Question: Is there a market for erotic flash fiction? Will agents and editors think I can't write novels if most of my sales are short fiction?
There is not a huge paying market for flash fiction, but there is some. I would browse this page regularly.
For publications that don't specifically mention accepting flash fiction or short-shorts, it rarely hurts to ask. The editor might need something tiny to fill in a gap. I've recently sold a couple of flash fiction reprints for that purpose.
I don't think there's any danger of being thought incapable of writing a novel unless you never write one. In my opinion, it's always a plus to have some publication experience.
Question: What are the word count limits of various types of short fiction?
In general, the story should be as long as it needs to be, but I realize that isn't much help! I always check the specific guidelines of the publication first, as definitions vary. If a story seems really well suited to a particular market, and is close to the right length but a little too short or too long, I might submit anyway, or I might trim or expand it just a little.

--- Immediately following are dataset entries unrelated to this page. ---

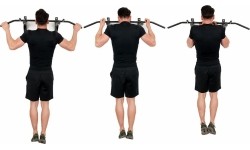 Naścienny drążek poręcze treningowe SmartGym SG-12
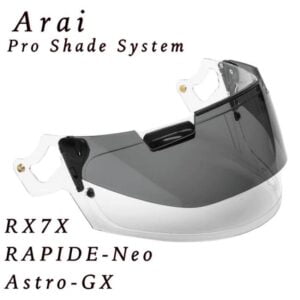 Arai Pro Shade System 外掛式可掀鏡片系統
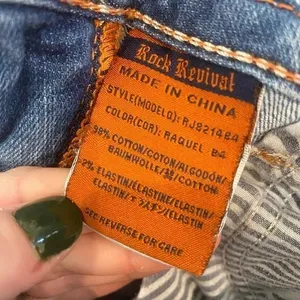 Rock‎ Revival Raquel Boot Cut Jeans- size 29 thumbnail 7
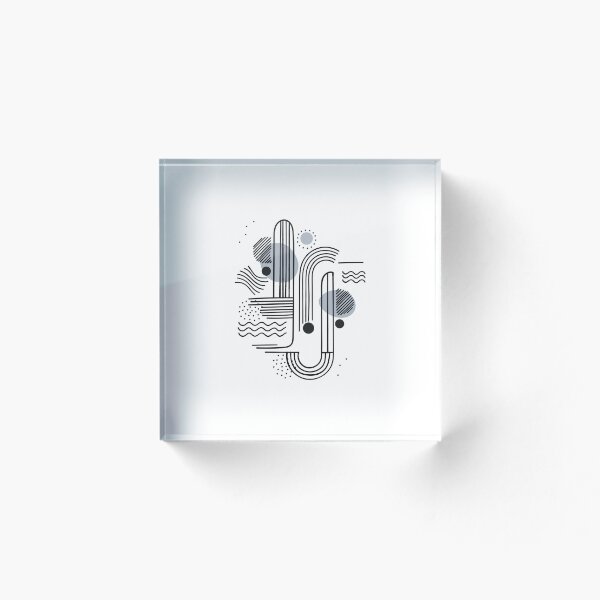 Item preview, Geometric Line Art Composition designed and sold by Artinel.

Here are some rough length guidelines:
Flash fiction: usually means less than 1,000 words. Sometimes a market will specify a word count. I've done "flash fiction" that was only 100 words long.
Short story: from about 1,500 words up to about 7,500 words. Depends on the market, however. Often, longer stories are harder to place because they take up more room in an anthology. Many markets don't want anything longer than 5,000 words.
Novelette: 7,500-20,000 words in some markets; The Science Fiction and Fantasy Writers of America (SFWA) defines it as 7,500-17,500 words.
Novella: 20-50,000 words by some definitions. SFWA defines it as 17,500-40,000 words, and anything over 40K as a novel. "National Novel Writing Month" says 50K is a novel. In reality, an adult novel shorter than 60K is very rare. Young adult usually runs 40-60K. I've noticed that a lot of electronic markets seem to prefer novella length to novel-length.
Question: What is a possible path to breaking in to invitation-only print anthologies, if I have already sold stories to magazines?
I would first find out which publishers issue the sort of anthology that's suited to your stories, then look at the list of authors to see if you have any contacts: authors you know, friends of authors you know, authors who share an agent with you or one of your friends, that sort of thing. I would then simply ask how they did it and if they're willing to put you in touch with an editor. This method is probably restricted to those who've already published short stories.
Another option would be to contact the magazine editors who bought your stories and ask if they have any contacts in book publishing, for instance if the magazines and book lines are owned by the same corporation.
A third option might be viable after you have more of a track record with print anthologies: create and submit your own anthology with co-authors, for instance those with whom you share a publisher.
Question: I haven't been able to find a suitable market for a story within my genre. What are my options?
It might be helpful to think "outside the box." What are the other themes in your story? There are magazines that publish stories about travel, about environmental issues, etc.. If it's not an obvious fit anywhere, be prepared to submit to a wide range of places; sometimes a story that's slightly unusual for a given market is an easier sale. I've had stories hang around for years after I wrote them, and suddenly an appropriate market arises. My first novel came out of a story like that.
Browsing Duotrope might be helpful. Writer Beware will let you know about dodgy publications.
Other options, if you still can't find a market, are to put the stories on your website as free reads; or accumulate enough stories to publish a collection of your stories, or for a chapbook. A small press is sometimes the best option for short story collections. A chapbook can be a useful publicity item that you could sell from your website or at readings, or simply give away, as a sampler of your work.